A department spokesperson confirmed to NPR that the full announcement is coming on Saturday. 

"A plastic fork can take 200 years to decompose — that is two centuries in landfill or polluting our oceans," Environment Secretary Therese Coffey told The Mail. "This new ban will have a huge impact to stop the pollution of billions of pieces of plastic and help to protect the natural environment for future generations.”

It aims to minimize plastic pollution

In 2020, England outlawed single-use plastic straws, stirrers, and cotton buds with plastic stems. This new law only affects the plastic packaging of food and beverages purchased from cafés and restaurants, not from supermarkets and retail establishments. The government intends to solve issues through a different program that would start covering disposal costs in 2024 and require manufacturers to do so.

And it's not completely unexpected. Environmentalists have long advocated for such a ban in England — Scotland's went into force this summer, and Wales adopted one in December — and the British government has been asking public feedback on prospective plastic bans for some time. Last month, officials hinted such limits were on the horizon.

(Meanwhile, in the United States, some states and municipalities have prohibited certain plastic goods, such as bags, while California set the country's strongest plastic reduction restrictions in legislation approved last summer. By 2032, the federal government intends to phase out single-use plastics in national parks.)

Even while it won't solve the problem of plastic waste entirely, environmentalists are praising England's ban as a significant step in the right direction.

According to Defra statistics cited by the BBC, each person in England uses an average of 18 single-use plastic plates and 37 pieces of plastic cutlery each year, but only 10% of that garbage is recycled into new products. According to the department, England consumes 4.3 billion single-use pieces of flatware and 1.1 billion single-use plates annually. That's both dangerous for the environment and "completely unnecessary," says Steve Hyndside, the policy manager at British nonprofit City to Sea.

He stressed in a Monday interview with radio station LBC that all of the items covered by this ban already have potential replacements on the market, whether that's cardboard boxes, wooden utensils or even one's fingers.

"What we're talking about here is, I think, a really positive vision," Hyndside said. "So as much as we all like the convenience of single-use plastic, and I think there's no point pretending that's not there ... we just can't carry on going as we are."

There is public support for the ban ...

The elimination of unnecessary plastic waste is mandated under England's 25 Year Environment Plan, which was formed in 2018.

In November 2021, Defra declared that although it had already proposed and put into effect steps to strive toward that objective, those actions had not effectively addressed the problem of single-use plastic goods. It appears that its decision was influenced by public feedback received during a consultation session that extended through February 2022 on prospective bans.

"I am determined to drive forward action to tackle this issue head on," Coffey told The Mail. "We know there is more to do, and we have again listened to the public's calls."

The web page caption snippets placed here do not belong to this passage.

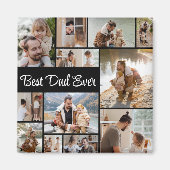 12フォトコラージュ最高のパパ マグネット (正面)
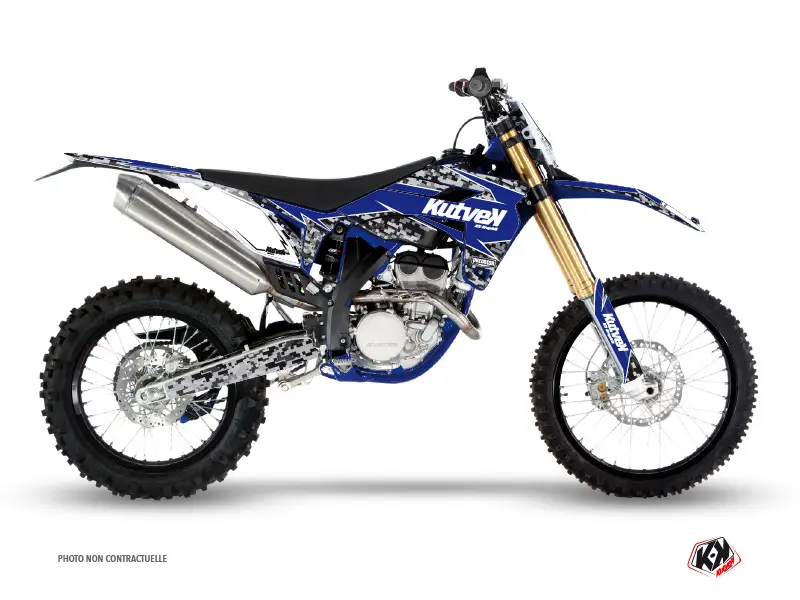 طقم ديكور للدراجات النارية كروس Predator Sherco SE / SEF أسود أزرق KUTVEK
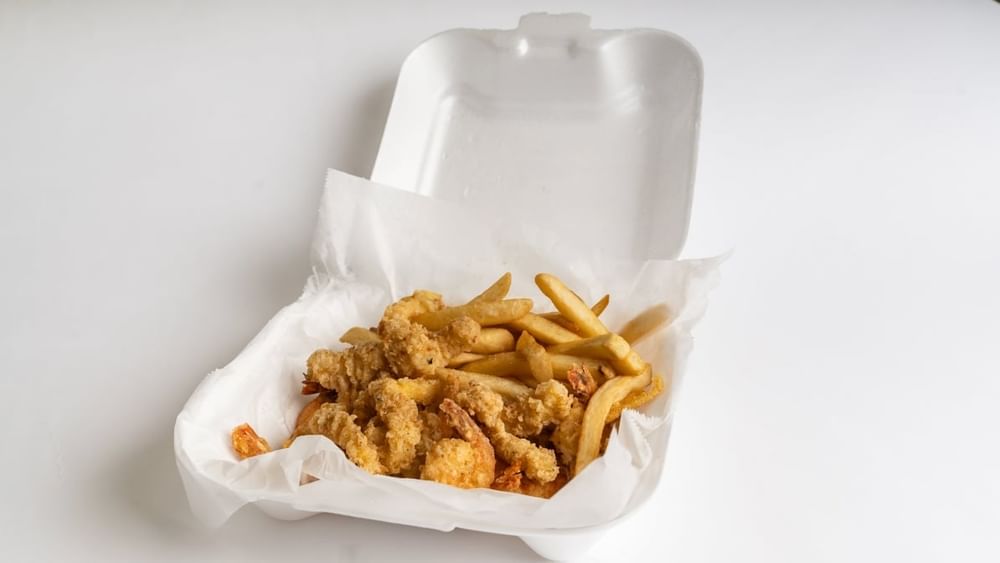 Conch Shrimp Platter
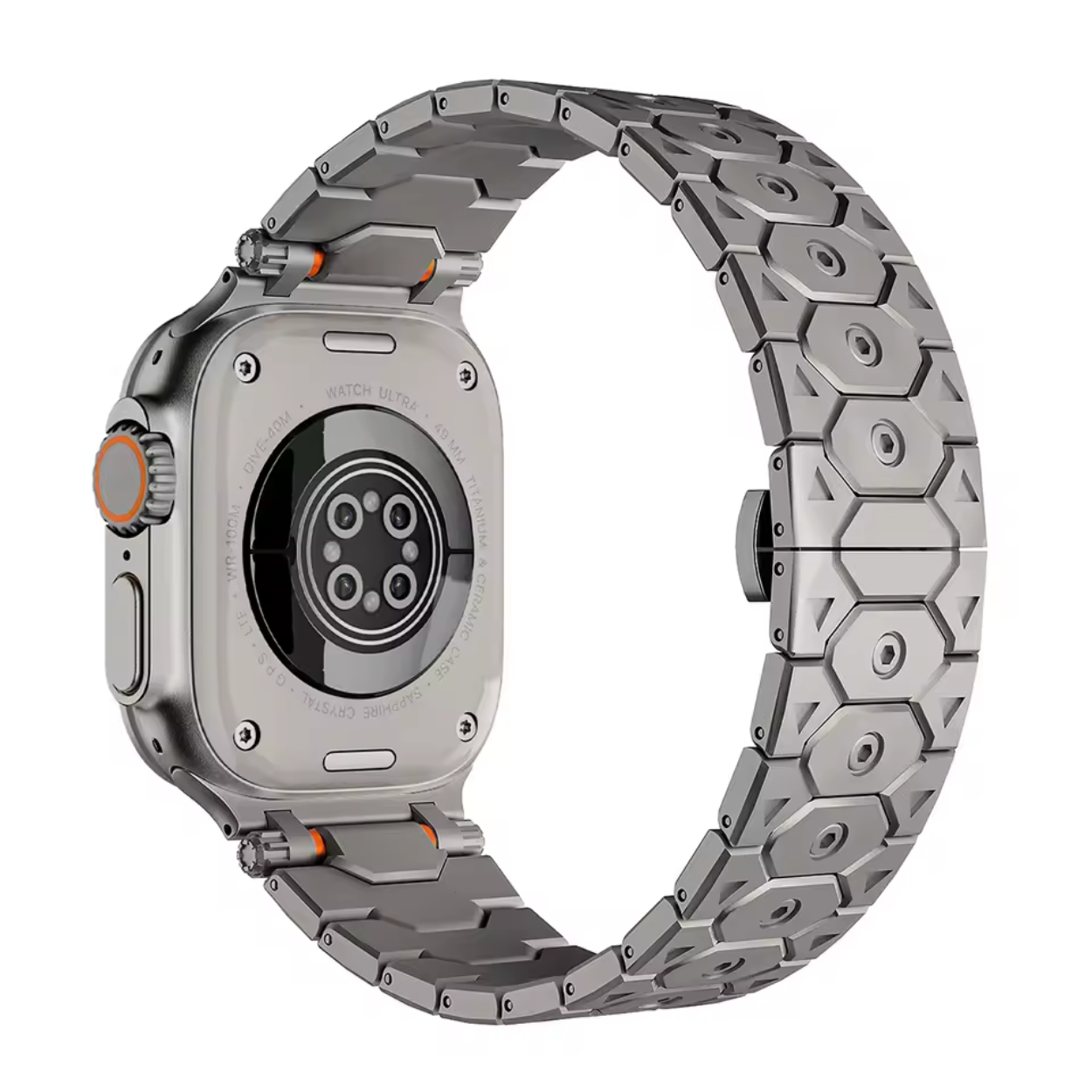 Elegancka Czarna Metalowa Bransoletka do Apple Watch
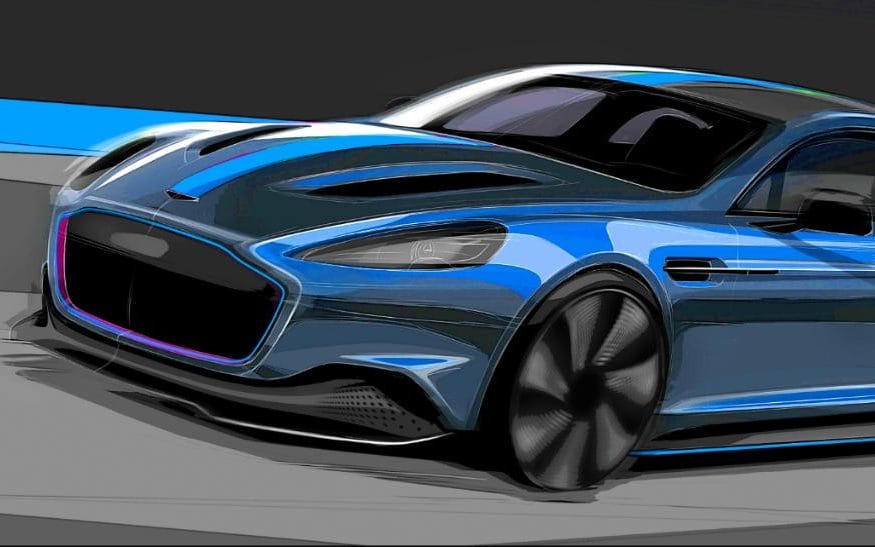 Aston Martin, електроавтомобіль, RapidE, фото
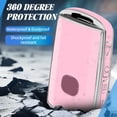 thumbnail image 5 of Key Fob Cover Compatible with Mazda 3 6 CX-5 CX-9 CX-30 CX-50 CX-70 2019-2025 Keychain Case Holder Protector,Silver/Pink, 5 of 6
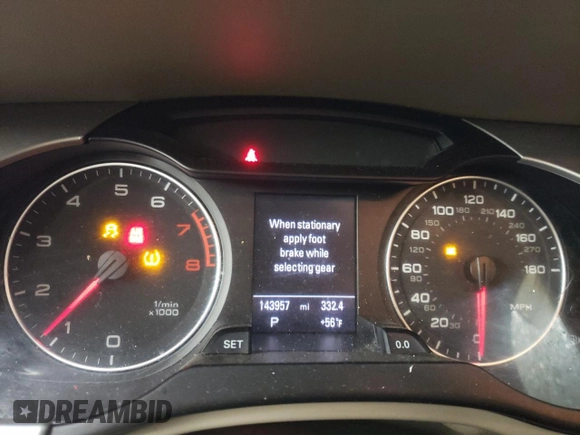 2012 Audi A4 2.0T Premium Plus with VIN WAUWFAFL0CA070545, listed as a Copart auction lot 85726494 with 143,957 mi miles and Salvage Title. Bid and sale history available at carsss.com. Image 9.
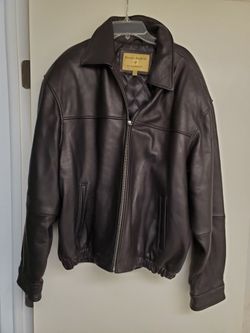 Men's Boston Bay Harbor Leather Jacket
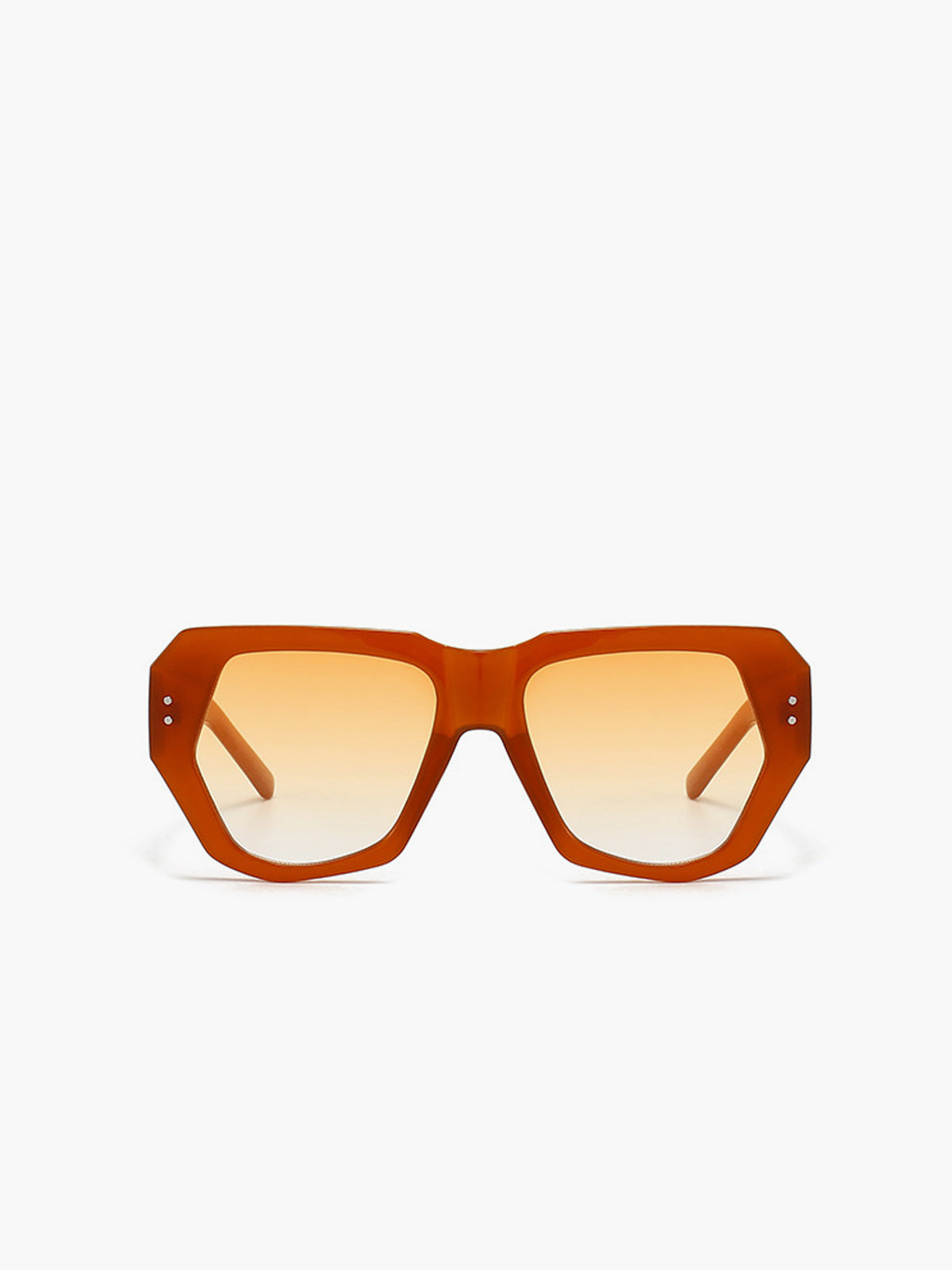 Vintage Polygon Cat Eye Rivets Güneş Gözlüğü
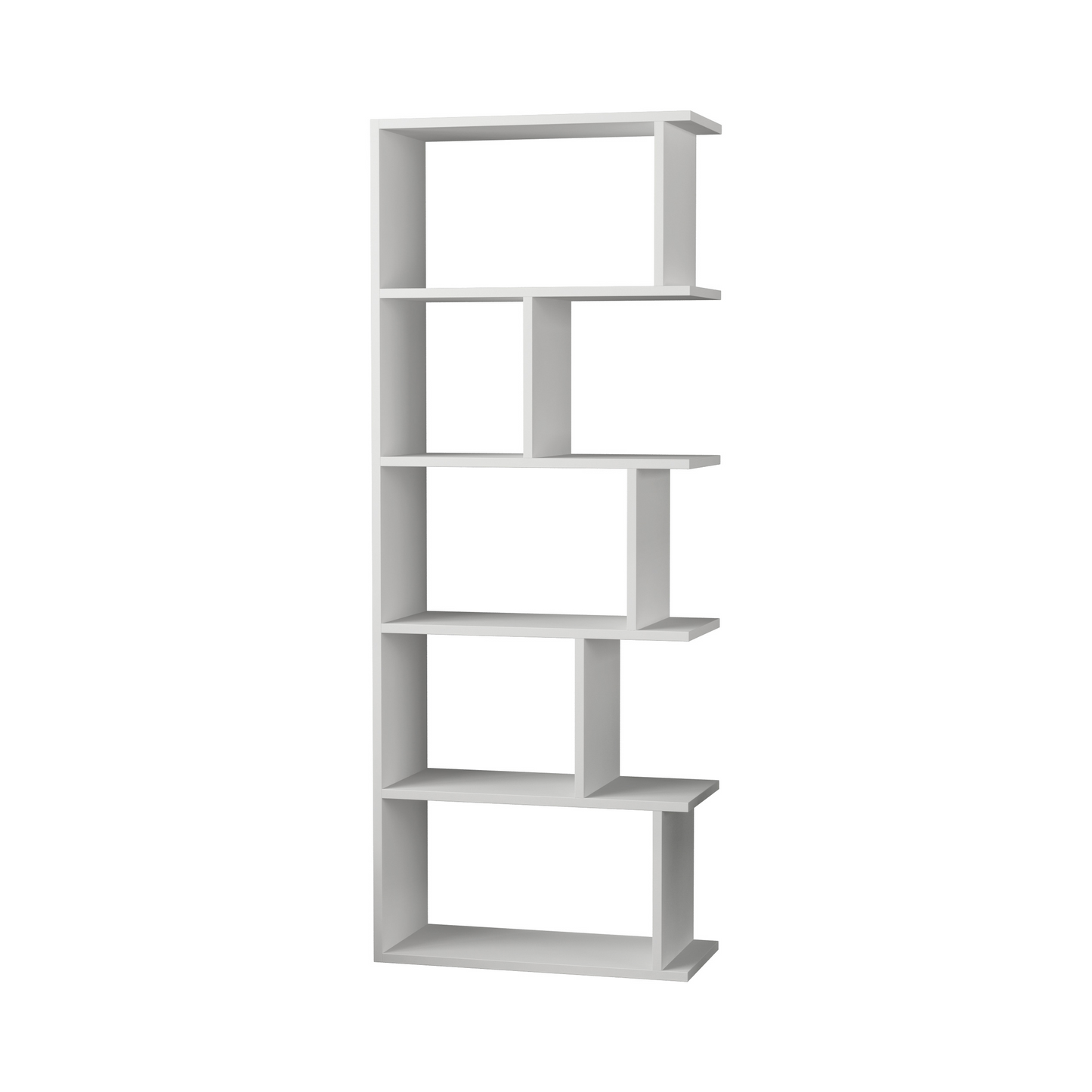 Tapi Modern White Bookcase Display Unit – Tall 159cm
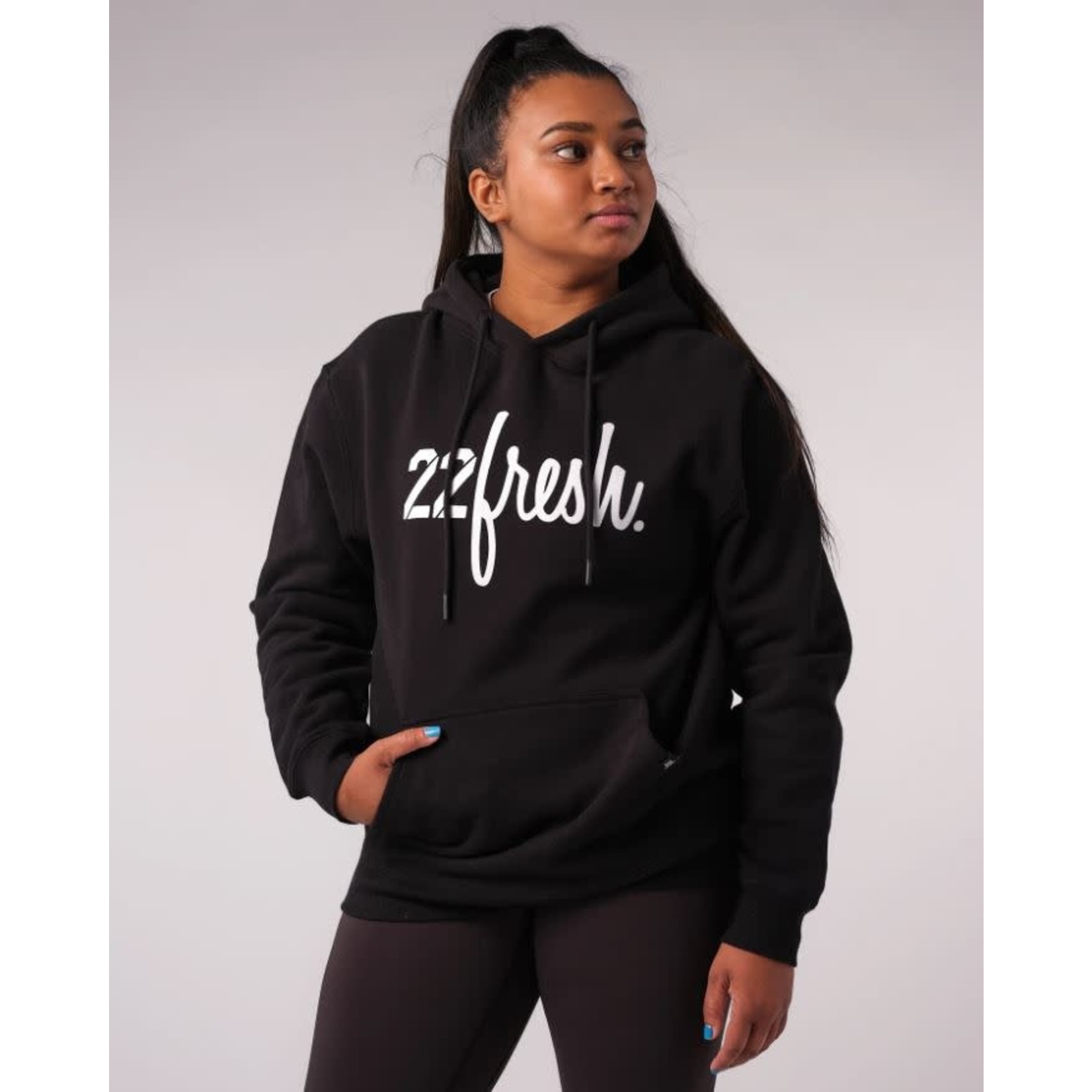 22 Fresh Classic Logo Hoodie Black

Greenpeace UK says the "vast majority" of the more than 51,000 people who self-reported their views on the consultation support a ban on all of the items up for consideration (like cutlery and plates), with support at 96% or above "across the board."

Separately, after the comment period ended in February, environmental organizations delivered a petition to the prime minister's office with more than 117,000 signatures calling for the outlawing of such products.

Environmental organizations praised the new ban when rumors of it emerged, calling it an important step but only one of several that the government needs to do to have a significant impact.

"We need to wean ourselves off single-use items," tweeted environmental organization Keep Britain Tidy. "[Defra's] plans to ban single-use plastic plates and cutlery in England are a step in the right direction."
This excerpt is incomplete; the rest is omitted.